R: Les 840 millions de personnes
sous-alimentées et les 880 millions d'adultes illettrés
sont, dans la plupart des cas, les mêmes personnes, des pauvres
vivant en milieu rural. Mais nous devons y ajouter 130 millions
d'enfants illettrés, ce qui élève le nombre total
d'illettrés à plus d'un milliard. Il y a environ 180
millions d'enfants sous-alimentés. Les problèmes de
l'illettrisme et de la faim sont liés: des études ont
montré qu'accroître le niveau d'éducation a un effet
direct sur l'amélioration de la production agricole. Une
étude de la Banque Mondiale par exemple a montré qu'une
augmentation de la scolarisation des femmes peut accroître la
production agricole de 24 pourcent.
Q: L'éducation et le développement rural
permettent aux populations de se libérer de la pauvreté. De
quelle façon une nouvelle approche combinant ces deux éléments
peut-elle aider à résoudre le problème de la pauvreté ?
R: La collaboration entre les spécialistes
de l'éducation et de l'agriculture est un pas
important vers une solution au problème de la pauvreté. Elle a
mené à la création d'un nouveau partenariat dénommé
L'éducation pour les populations
rurales, lancé lors du Sommet Mondial pour le
Développement Durable de Johannesbourg (août 2002). Cette
initiative appelle les membres de la communauté internationale -
les gouvernements, les agences des Nations Unies et la société
civile - à joindre leurs forces et à travailler ensemble pour
répondre aux besoins des populations rurales les plus pauvres.
Jusqu'à maintenant, nous avons travaillé de façon très
spécialisée - chacun s'intéressant à son propre domaine: la
FAO s'occupe de la faim, l'UNESCO de l'éducation.
Aujourd'hui nous savons que nous devons travailler ensemble
pour nous adresser à des personnes qui ont des problèmes
similaires. Les problèmes - et les solutions- à la faim et à
l'illettrisme sont liés. Q:
Quels sont les principaux obstacles à l'éducation en milieu
rural ? R: La plupart des personnes pauvres
et qui souffrent de la faim dans le monde vivent dans des zones
rurales. Les enfants qui ont faim ne peuvent pas aller à
l'école et apprendre. La faim handicape leur croissance
mentale et physique. Si des millions d'enfants ne peuvent
pas apprendre, ou sont forcés de travailler au lieu d'aller
à l'école, nous n'atteindrons pas l'objectif de
Développement pour le Millénaire d'assurer l'éducation
primaire pour tous. Il y a également des problèmes
d'infrastructures - on manque d'écoles dans les zones
rurales parce que l'Etat investit d'abord dans les
zones urbaines. Puis, il y a le problème d'un parti-pris
urbain dans les méthodes d'enseignement - la plupart des
choses enseignées à l'école sont préparées par des
spécialistes des villes pour des élèves des villes, et sont
enseignés dans la langue officielle au lieu de la langue parlée
dans le village. Q: Comment
inciter les enfants qui travaillent à aller à l'école ?
R: Il faut trouver des moyens pour les
motiver à aller à l'école et pour encourager leurs parents
à les y envoyer, par exemple en leur offrant un déjeuner ou une
collation en milieu de matinée. L'estomac plein, les
enfants pourront se concentrer et mieux apprendre.

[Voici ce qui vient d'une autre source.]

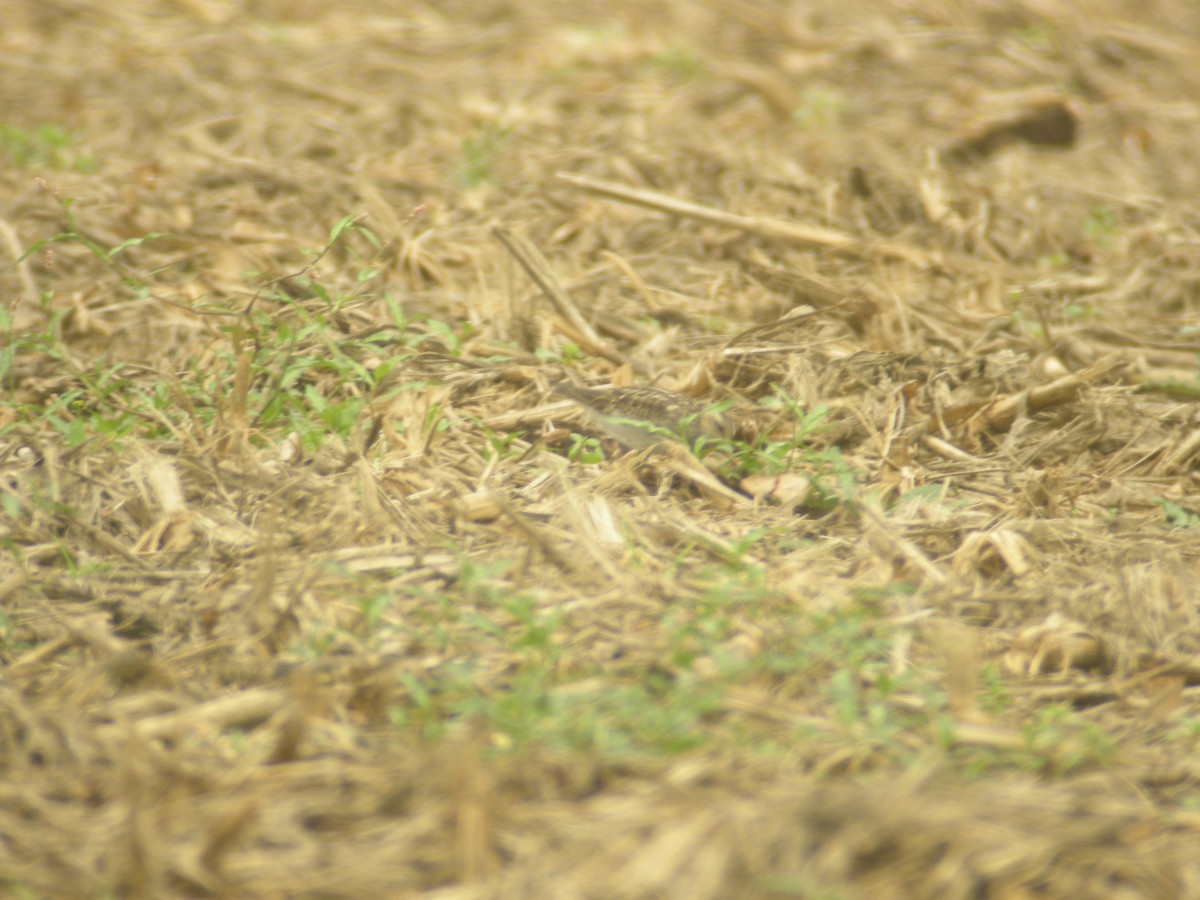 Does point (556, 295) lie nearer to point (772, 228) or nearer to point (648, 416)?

L'enseignement devrait être adapté à leurs vies. Ils
s'intéressent certainement davantage à la façon de traire
une vache ou d'utiliser des pesticides qu'au cirque ou
au supermarché. Le calendrier scolaire devrait prendre en compte
leurs rythmes de vie. Par exemple, il ne peut pas y avoir classe
pendant la saison des récoltes et parfois, il peut être
nécessaire d'avoir des cours du soir pour les enfants qui
travaillent dans les champs pendant la journée. Certains enfants
font partie de familles nomades, il y a donc besoin
d'écoles mobiles - des caravanes - pour pouvoir les suivre
partout. Ce ne sont que quelques exemples.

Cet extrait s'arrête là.